# Migrating to Germany with Family



## jamaljan

Hello everyone...

*Reason of Moving*
I'm planning to move to Germany - basically because of the security situation here in Pakistan. My intend of moving is not economical since I'm well settled in my home country. I'm very worried since one of my kids has started going to school and the recent attack on a school in Peshawar and the grenade attacks on schools in Karachi (where I live) are very alarming and shocking. 

*Personal Background*
My education background is Masters and am currently working in the humanitarian Logistics sector. I've also done quite a few online courses as well - most of them in Supply Chain/Logistics.

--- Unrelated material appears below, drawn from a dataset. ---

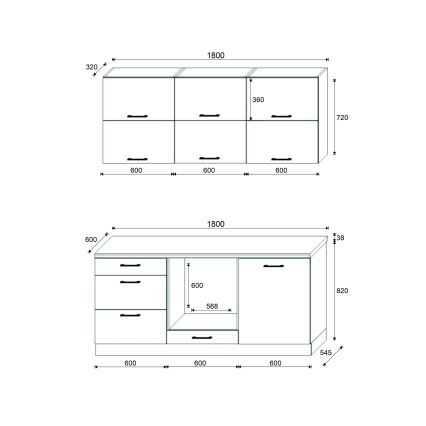 Køkkenblok ELISE 180 cm, grafit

Now, the questions that I've rite now are:

*Option 1:*
- should I move to Germany as a student and do a Masters program in Supply Chain Management / Logistics. The things am not sure about are:
- will I be allowed to take my family with me during my stay? 
- can my kids take admission in a school during this time?
- can I work part-time during my studies?
- what happens after I complete my education?

The advantage that I see with this option is that the local degree might help me in job prospects. Also, during this time I can learn the German language as well.

*Option 2:*
- move to Germany as a professional and take my family. I'm not to sure about this option since I don't think it will be easier for me to visit Germany just to find a job and then apply for the Blue card.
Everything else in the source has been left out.